$1.62-billion deal: Parmalat Group acquires Kraft Heinz natural cheese division

Kraft Heinz's Ingleside plant. ©2018 Google

INGLESIDE — Ingleside is set to join Winchester as a local Parmalat town, with the Kraft plant here among the assets changing hands as part of a $1.62-billion deal for Kraft Heinz Canada’s natural cheese division.

Parmalat Group today announced the impending acquisition that includes iconic cheese brands Cracker Barrel, P’tit Quebec and aMOOza!

“This deal will be good news for consumers, farmers, retailers, and the local community in Ingleside where nearly 400 local employees will be joining Parmalat Canada,” Parmalat’s public relations firm wrote in an email to Nation Valley News.

“Today’s announcement speaks volumes about our drive to support dairy farmers, help the local economy and continue to build on our family tradition of cheese making,” said Mark Taylor, Parmalat CEO and President, in the accompanying press release.

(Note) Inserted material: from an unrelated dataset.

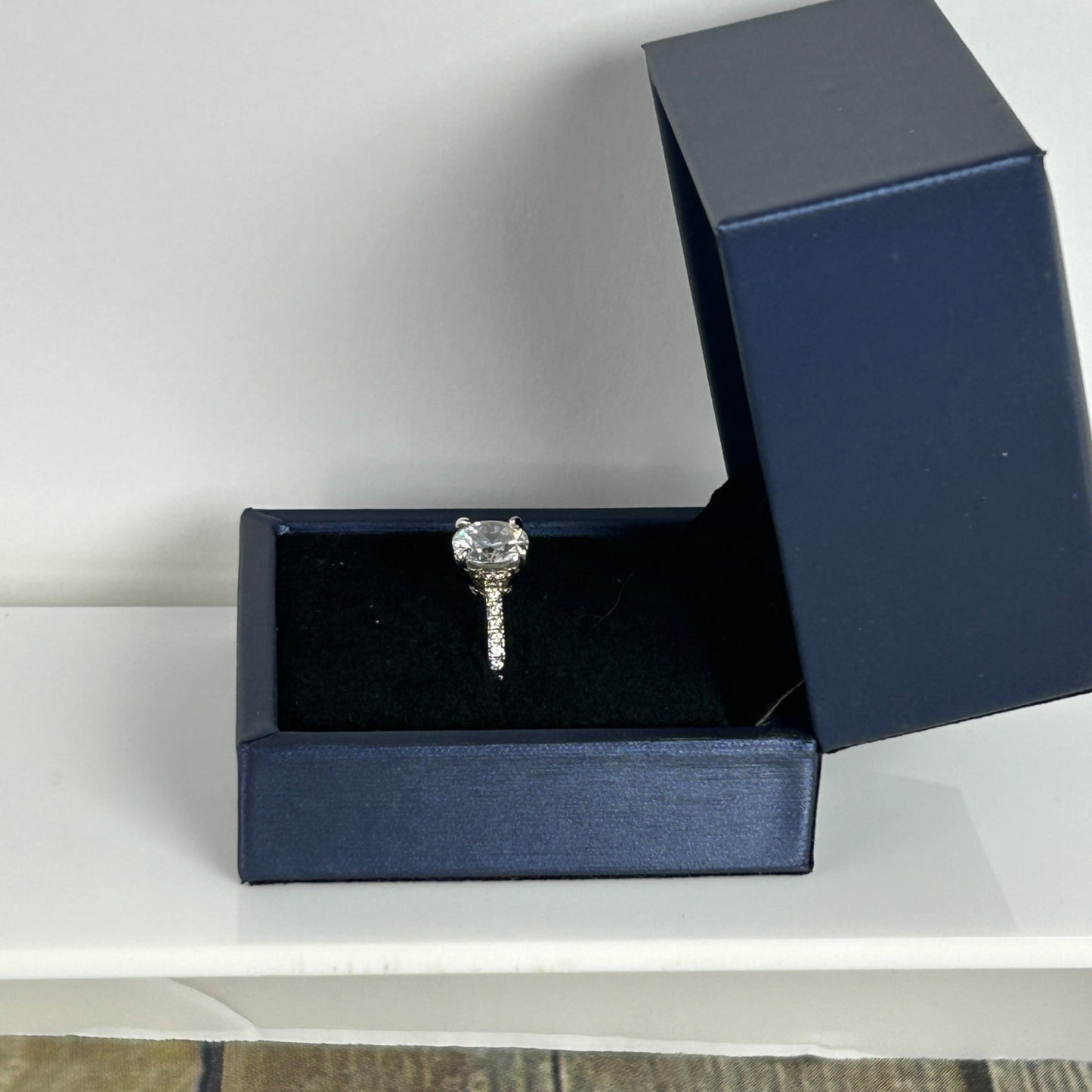 Sterling Silver White Sapphire Engagement Ring Round Cut Nickel-Free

“We are excited to work closely with the community and our stakeholders to ensure we can grow sustainably and help Canada’s natural cheese business thrive. Parmalat’s brands in Canada date back as far as 1881 (Balderson). This deep-rooted heritage in Canada makes the proposed transaction a logical step for us as we seek to make an even more significant economic and social contribution in Canada.

Getting the Ingleside facility  “helps expand our operations in Eastern Canada” and positions Parmalat for “future growth,” says the purchasing corporation.

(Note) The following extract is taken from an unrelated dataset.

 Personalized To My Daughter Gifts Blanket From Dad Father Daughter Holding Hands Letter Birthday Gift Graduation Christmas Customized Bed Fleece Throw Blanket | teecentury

The South Stormont operation “fits well into our current network,” according to Parmalat, which plans to use the former Kraft plant to “improve efficiencies and grow the business. The brands being acquired have wide brand recognition and offer channels for business expansion.”

The company also lauds the deal for helping to “protect and grow job opportunities and support dairy farm incomes.”

Existing Parmalat factories in Winchester, Belleville and Victoriaville will remain open after the Kraft line has been purchased, raising the corporation’s cheese-plant fleet from three to four in Ontario and Quebec.  In all, Parmalat — listed on the Italian stock exchange and controlled by French-based Lactalis Group — operates 16 Canadian dairy processing facilities and employs 3,000 people in this country.

It says the Kraft transaction represents a “significant investment in Canadian dairy” and a “vote of confidence in Canada’s dairy industry that will provide important benefits to Canada.”

It also highlights the deal for allowing Parmalat “to utilize more of the milk ingredients we produce which will allow us to become more self-sufficient [and] reduce waste …”

The subject of Parmalat’s waste volume — and accompanying odour — curdled into a hot local election and community issue in nearby Winchester this summer, following a $15-million capacity expansion at that factory in 2017. Parmalat scrambled to bring technological improvements online while assuring the community an end to the problem was in sight.

The U.S.-based seller plans “to focus on the segments and categories where we have stronger brand equity, competitive advantage and greater growth prospects,” according to Bernardo Hees, Kraft Heinz Chief Executive Officer.

“We’re excited about what this transaction means for our future growth and business in Canada,” said Hees in a press release. “We also believe Parmalat is uniquely positioned to advance the natural cheese business given their experience and focus on the dairy industry.”